Миша прочитал несколько отрывков, причем глава „Репетиция с Иваном Васильевичем“ имела совершенно бешеный успех. Самосуд тут же выдумал, что Миша должен прочитать эту главу для всего Большого театра, а объявить можно, что это описана репетиция в периферийном театре.
Ему так понравилась эта мысль, что он может всенародно опорочить систему Станиславского, что он всё готов отдать, чтобы чтение состоялось. Но Миша, конечно, сказал, что читать не будет» [21; 256].
Автор этого провокационного предложения Самуил Абрамович Самосуд был главным дирижером и художественным руководителем Большого театра, где прослужил Булгаков с сентября 1936 года и до самой смерти.
Взяли его туда на первый взгляд с поразительной легкостью. Накануне того дня, когда наш герой отправился подавать заявление об уходе из МХАТа, Елена Сергеевна записала:
«14 сентября. <…>. Поздно вечером приехали: совсем больной простуженный Самосуд, Шарашидзе и Потоцкий – „на полчаса“. Сидели до трех часов ночи. <…>
М. А. в разговоре сказал, что, может быть, он расстанется с МХАТом.
Самосуд:
– Мы вас возьмем на любую должность. Хотите – тенором?» [21; 116]
И дальше в первой редакции дневника было: «Я очень задумалась над этим… После ухода мы с М. А. говорили о том, что предпринять. У него опасения, что если бы он пошел в Большой театр, то ему либо помешают в этом намерении, либо там начнут травить со стороны, и может ли Самосуд его отстоять» [21; 537].
Фраза про тенора, если таковая была действительно произнесена (в первоначальной редакции дневника она отсутствует, но и придумать такое трудно), в контексте булгаковской биографии изумительна, ведь именно оперным певцом мечтал стать молодой киевлянин Миша Булгаков на заре своей мятежной юности. Но еще интереснее опасение, что помешают перейти. В самом деле, переход Булгакова из одного театра в другой (что привело в такую ярость Ольгу Сергеевну Бокшанскую) по идее не мог быть делом очень простым, ибо речь шла не просто о театре. Речь шла о МХАТе. Все заинтересованные стороны не могли не помнить, что Булгаков был принят туда по личному указанию Сталина, и уход из Художественного театра без санкции Кремля, этот своеобразный отказ от верховной милости, чем бы он ни диктовался, – был уже сам по себе возмутителен. Но по всей вероятности, на дерзость «придворного» драматурга большого внимания не обратили. Его, опять же говоря словами последнего романа, отпустили. Либо санкция все же была дана, пусть не самому Булгакову, но дирекции Большого, или же у Самосуда была уверенность в том, что он сможет без проблем взять Булгакова на работу (а судя по дневнику, слова Булгакова о том, что он уйдет из МХАТа, были спонтанными и, следовательно, для Самосуда неожиданными, но он быстро нашелся с ответом), – в любом случае Булгаков напрасно опасался: Самосуд смог его отстоять.

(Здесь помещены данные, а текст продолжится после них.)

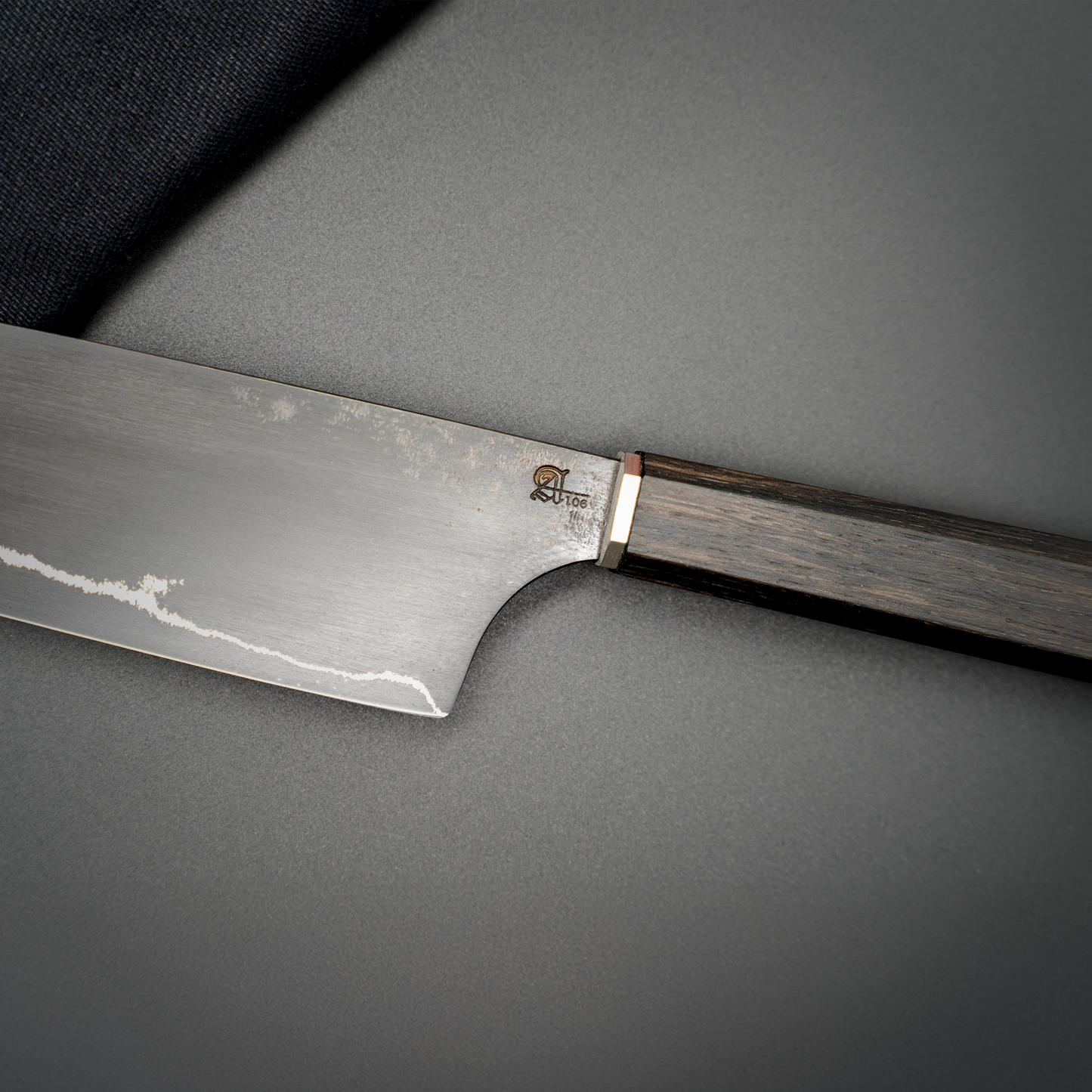 Chefmesser Silverline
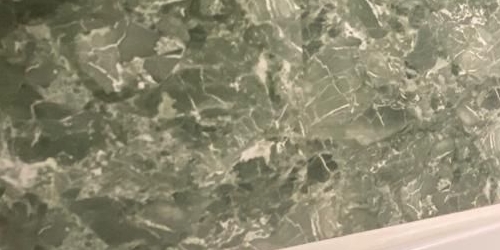 2-комн квартира Россошанский проезд, 5К1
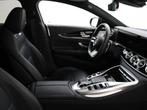 Mercedes-Benz AMG GT 4-Door Coupe 43 Premium Plus, Auto's, Mercedes-Benz, Origineel Nederlands, Te koop, Zilver of Grijs, 5 stoelen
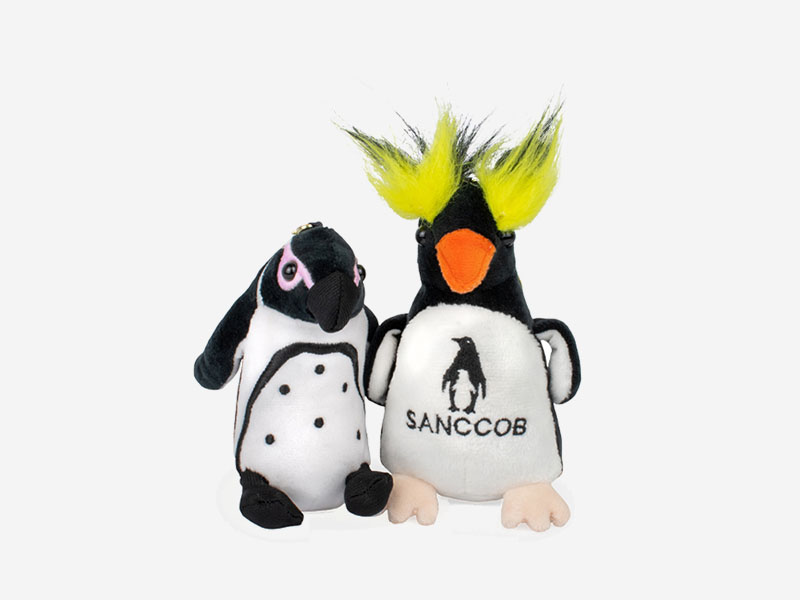 hanging-penguin-group.jpg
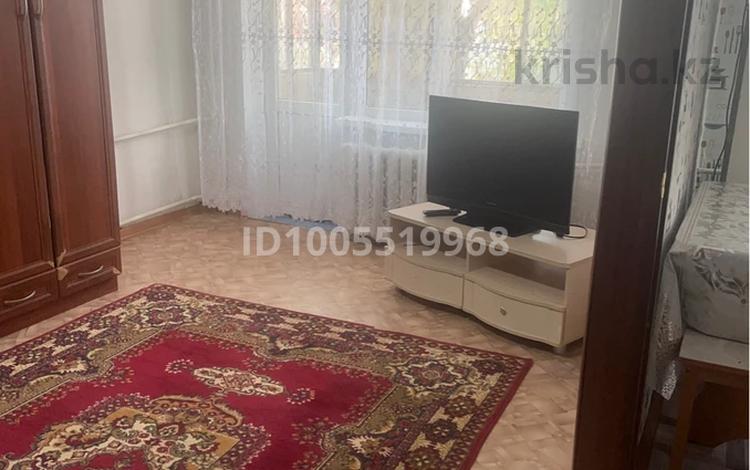 1-комнатная квартира · 30 м² · 3/4 этаж, мкр Пригородный 125 — Арнасай за 150 000 ₸ в Астане, Есильский р-н — фото 2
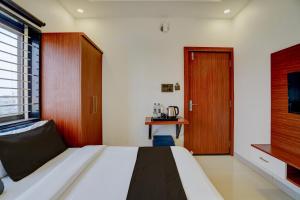 Hotel O Jay-3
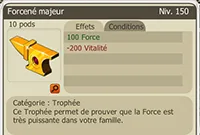 ressource métier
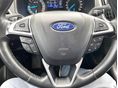 FORD S-MAX 2017/9 - 12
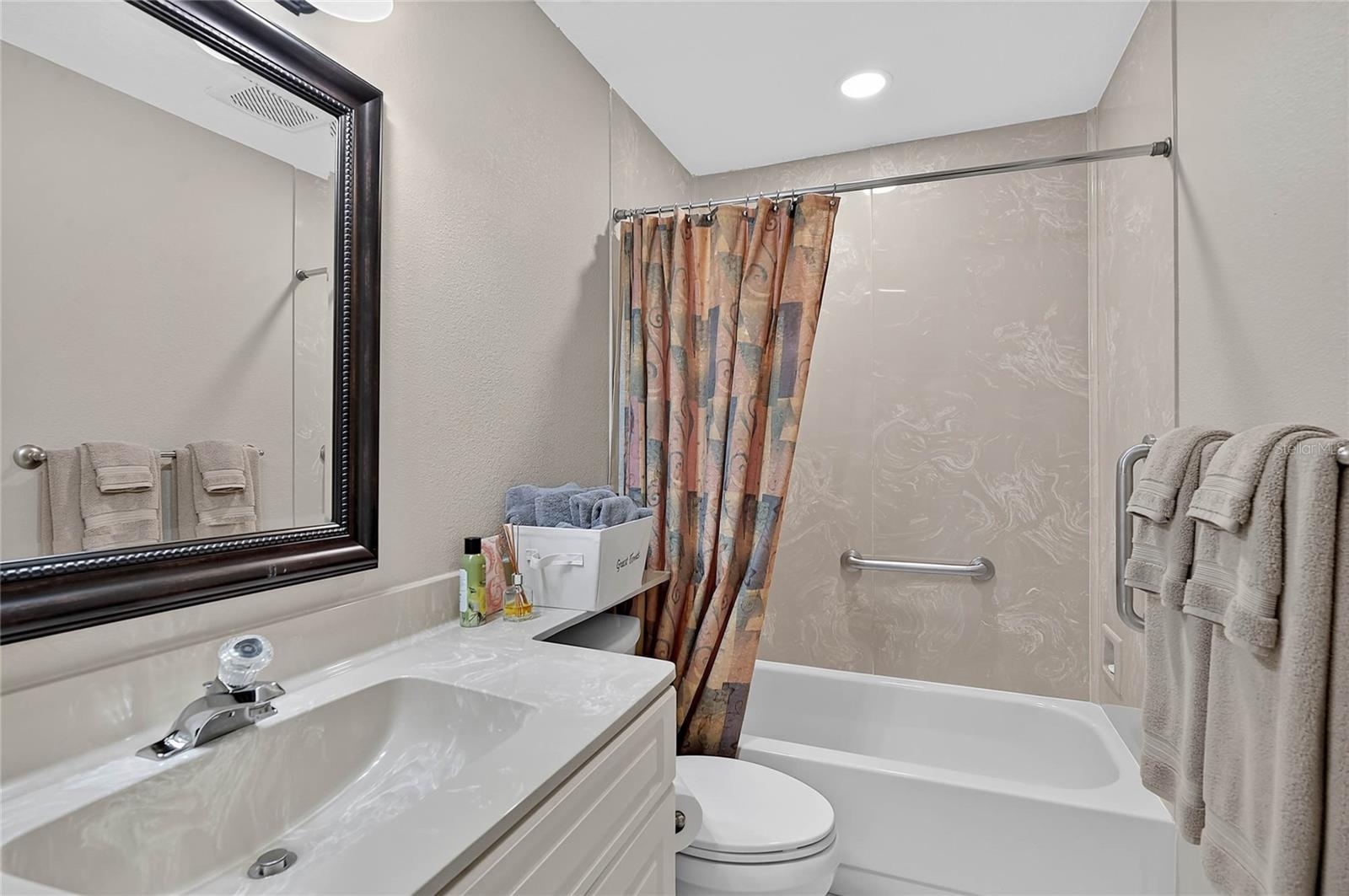 3217 Sandleheath #45 Property Photo 19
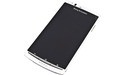 Sony Ericsson LT18I Xperia Arc S White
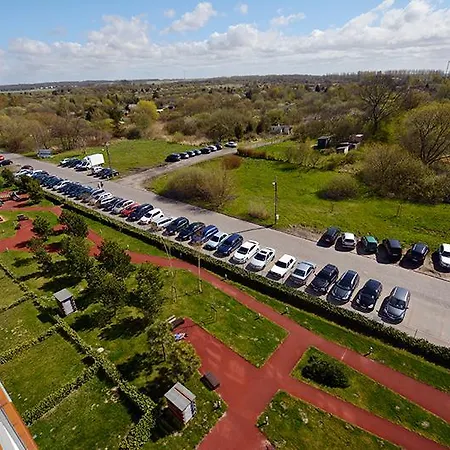 Apartamento Royal Olympic Park By The - Gym & Kids Playroom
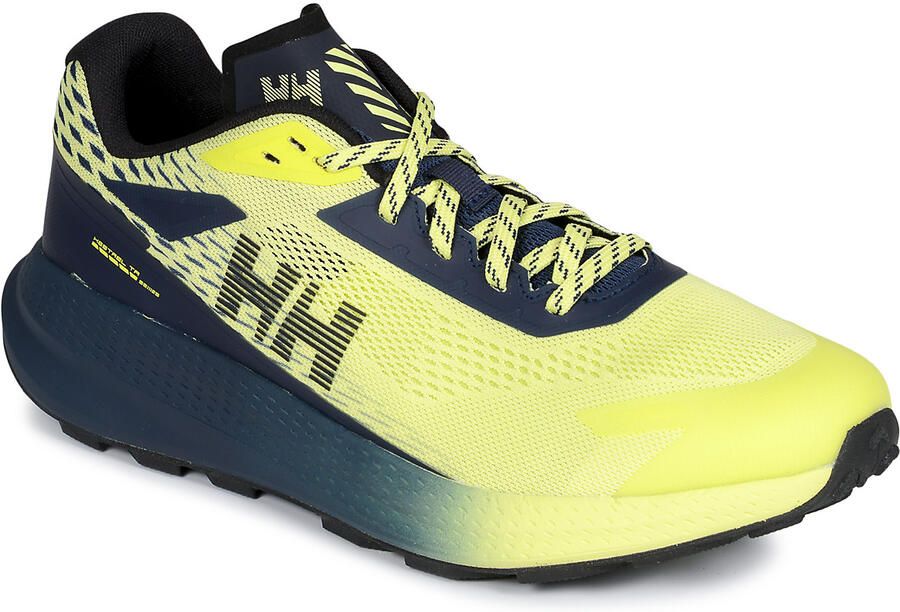 Helly Hansen Trail KESTREL TR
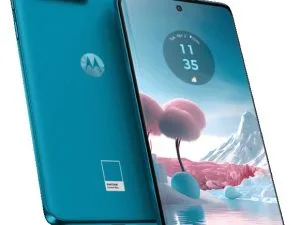 فایل فلش رسمی Motorola Edge 40 Neo XT2307-2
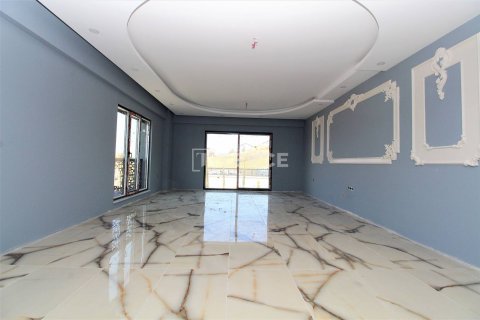 Villa  5+1  Yalova, Türkiye №45748 - 12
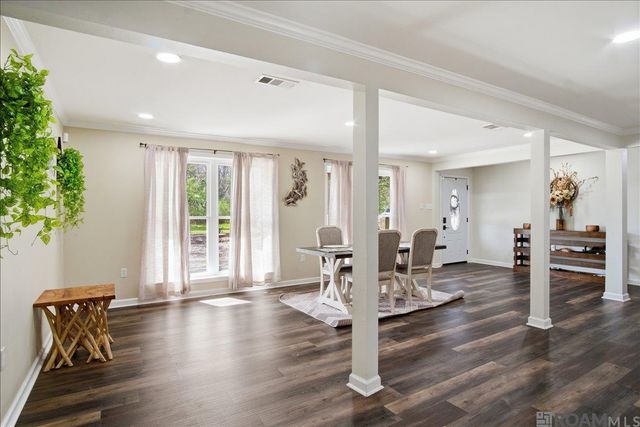 425 Bay St, Denham Springs, LA 70726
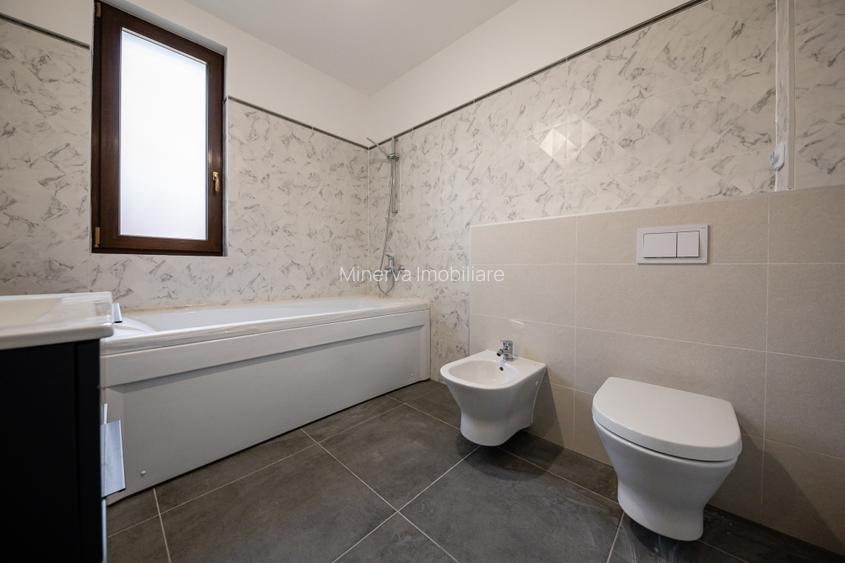 Duplex Dumbravita cu 5 camere | 318 mp teren | Comision 0 - 40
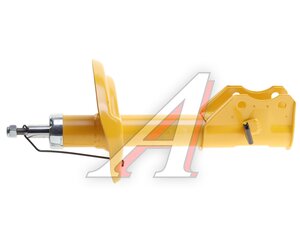 Изображение 3, SU1197 Стойка телескопическая ЛАДА Vesta левая газовая SUFIX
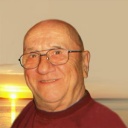 Lauzon, Jacques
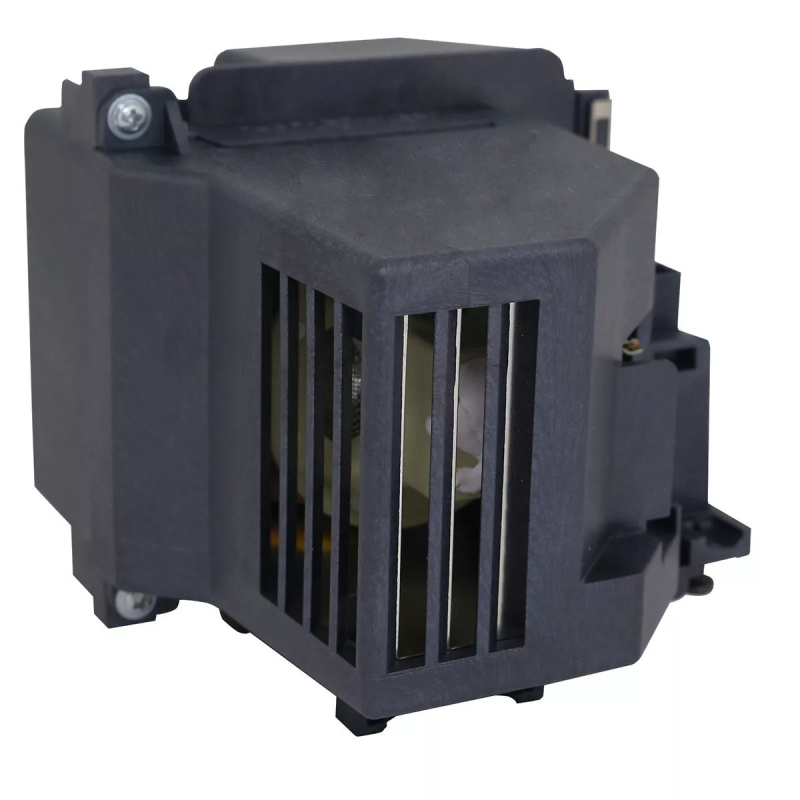 Projektorska lampa LMP-H280 za Sony VPL-VW550ES i VPL-VW520ES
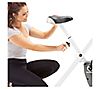 Marcy Foldable Compact Exercise Bike, 3 of 7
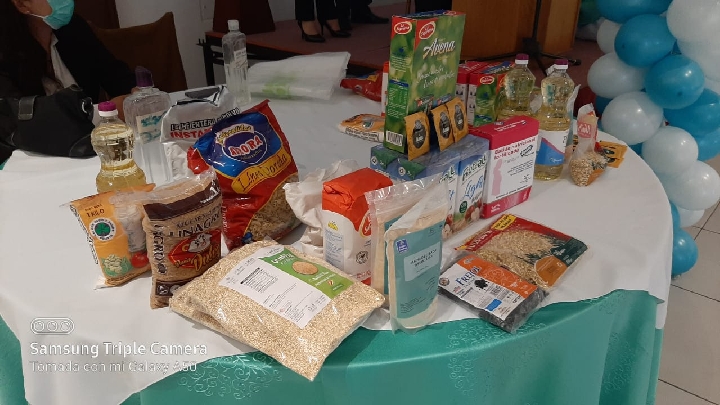 Sedem abre nueva agencia distribuidora de subsidios en la ciudad de El Alto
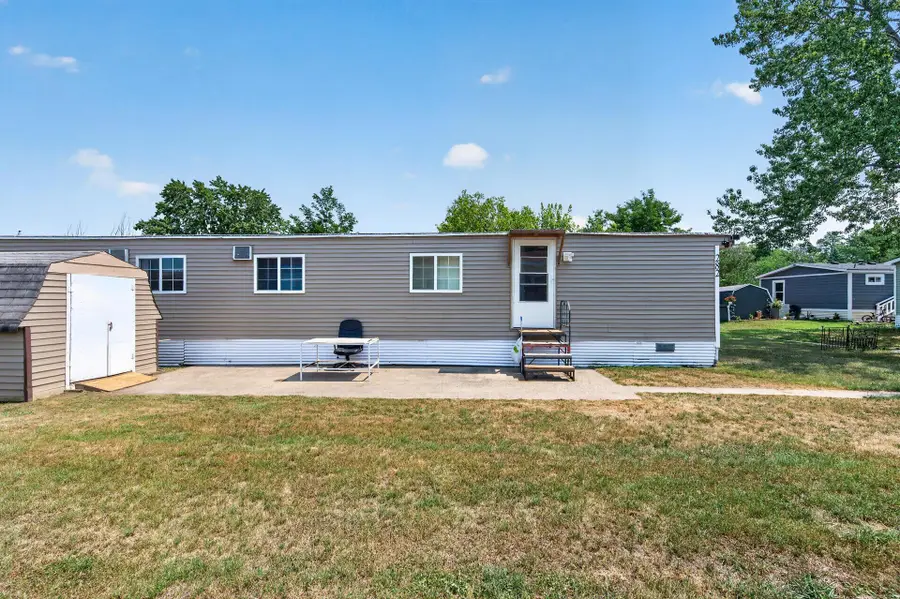 14750 W Burnsville Parkway, Burnsville, MN 55306 - #2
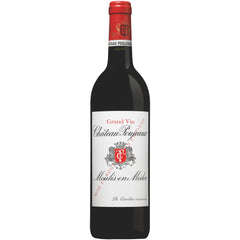 Château Poujeaux [750ml]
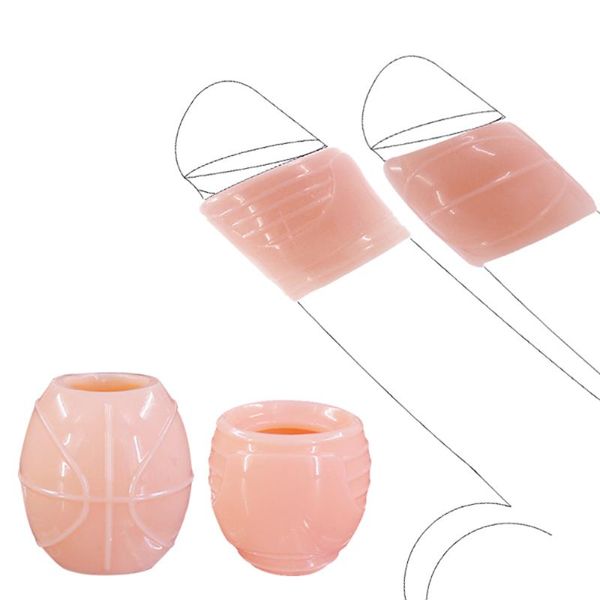 cockrings male chastity device delay ejaculation erotic cock ring 2pcs/set toys for men large and small size foreskin correction
cockrings male chastity device delay ejaculation erotic cock ring 2pcs/set toys for men large and small size foreskin correction
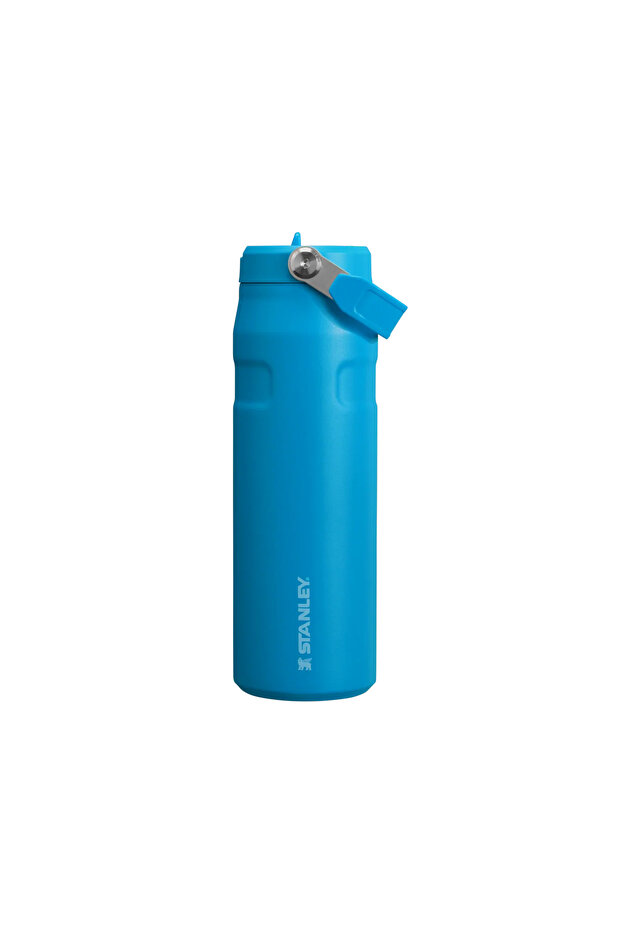 زجاجة IceFlow Flip Straw 2.0 بسعة 0.70 لتر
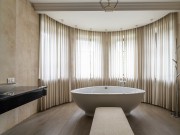 Продажа дома Чесноково 590 м² Новорижское шоссе - 648738 - 648738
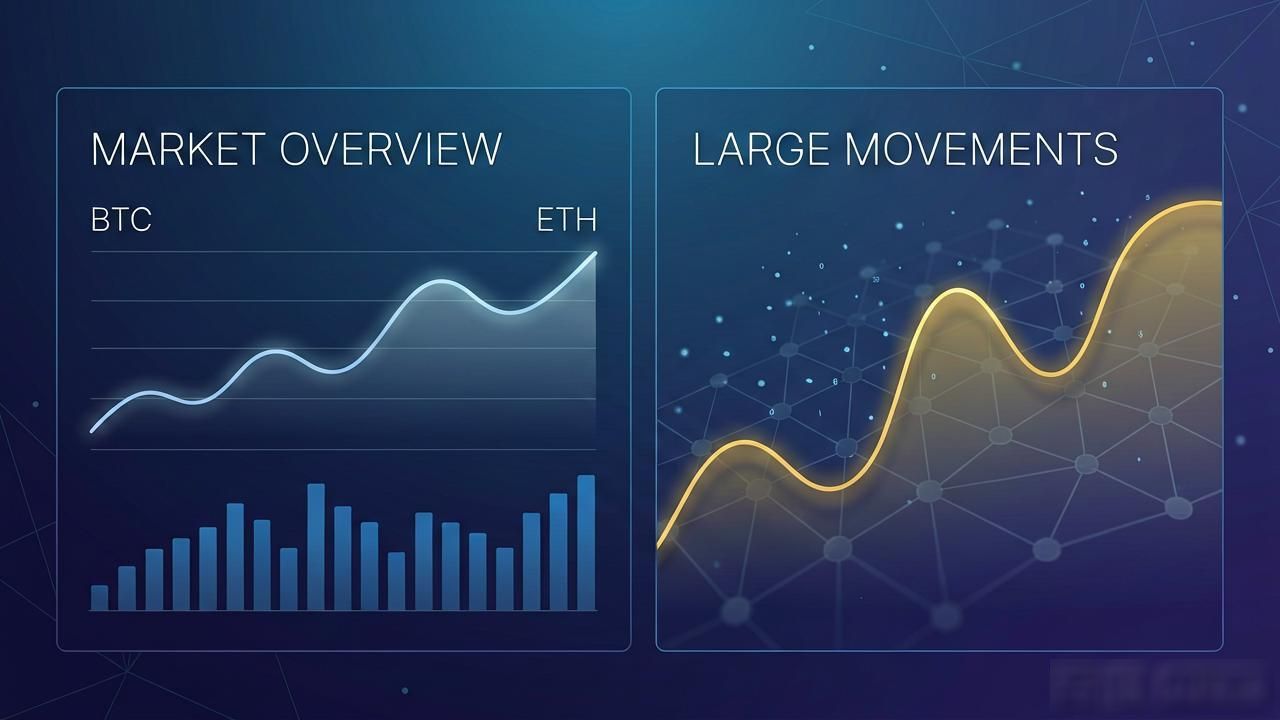 如何通过Trust Wallet钱包官方网站提高你在数字货币投资中的决策能力?_数字货币投资风险控制_Trust Wallet官网数据分析技巧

Никаких документов на сей счет опубликовано пока не было, и какие разговоры за спиной нашего героя на сей счет велись, неизвестно, но известно, что в музыкальном мире за Булгаковым присматривали давно. Еще осенью 1935 года мхатовский драматург познакомился с композитором Сергеем Прокофьевым, заинтересовавшимся пьесой «Александр Пушкин» («Прокофьев говорит, что в оперу обязательно должен быть введен Глинка» [21; 514], – записала Елена Сергеевна 16 октября), и тогда же произошло знакомство жены Булгакова с дирижером Большого театра Александром Шамильевичем Меликом-Пашаевым, что доставило нашей героине огромнейшее удовольствие.